THE DATA:
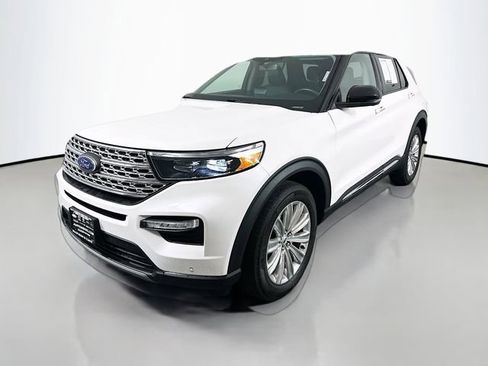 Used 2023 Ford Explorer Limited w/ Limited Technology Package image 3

...

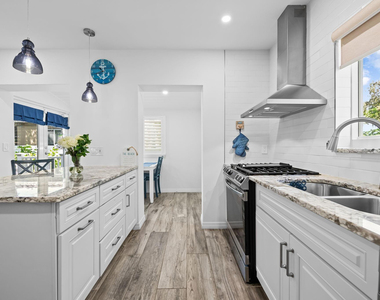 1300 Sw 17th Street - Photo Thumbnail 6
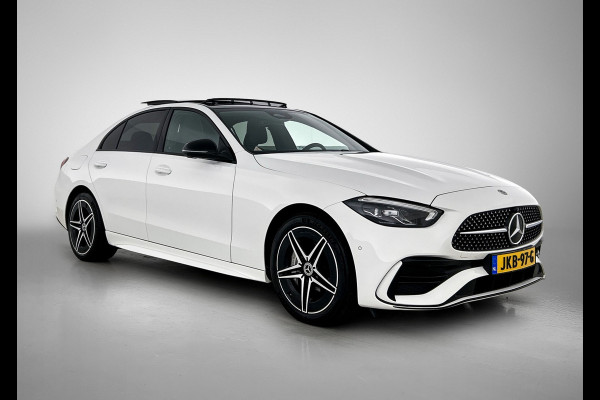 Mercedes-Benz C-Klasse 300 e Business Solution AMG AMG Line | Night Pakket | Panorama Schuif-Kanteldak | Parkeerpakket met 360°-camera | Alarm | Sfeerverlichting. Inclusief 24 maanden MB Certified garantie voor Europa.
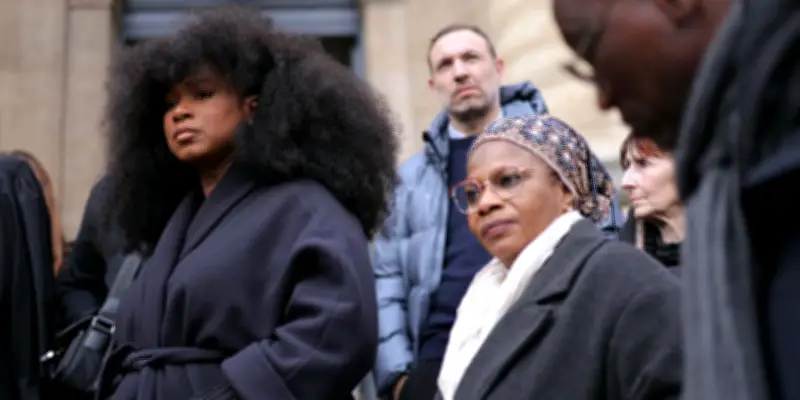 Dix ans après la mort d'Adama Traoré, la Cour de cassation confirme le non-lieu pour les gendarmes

THE PROBLEM: With the pictures omitted, print the lines above exactly, beginning at the line with "Mercedes-Benz C-Klasse 300" and going on through the line with "Dix ans après".

OUTPUT FOR THIS EXERCISE:
 Mercedes-Benz C-Klasse 300 e Business Solution AMG AMG Line | Night Pakket | Panorama Schuif-Kanteldak | Parkeerpakket met 360°-camera | Alarm | Sfeerverlichting. Inclusief 24 maanden MB Certified garantie voor Europa.
 Dix ans après la mort d'Adama Traoré, la Cour de cassation confirme le non-lieu pour les gendarmes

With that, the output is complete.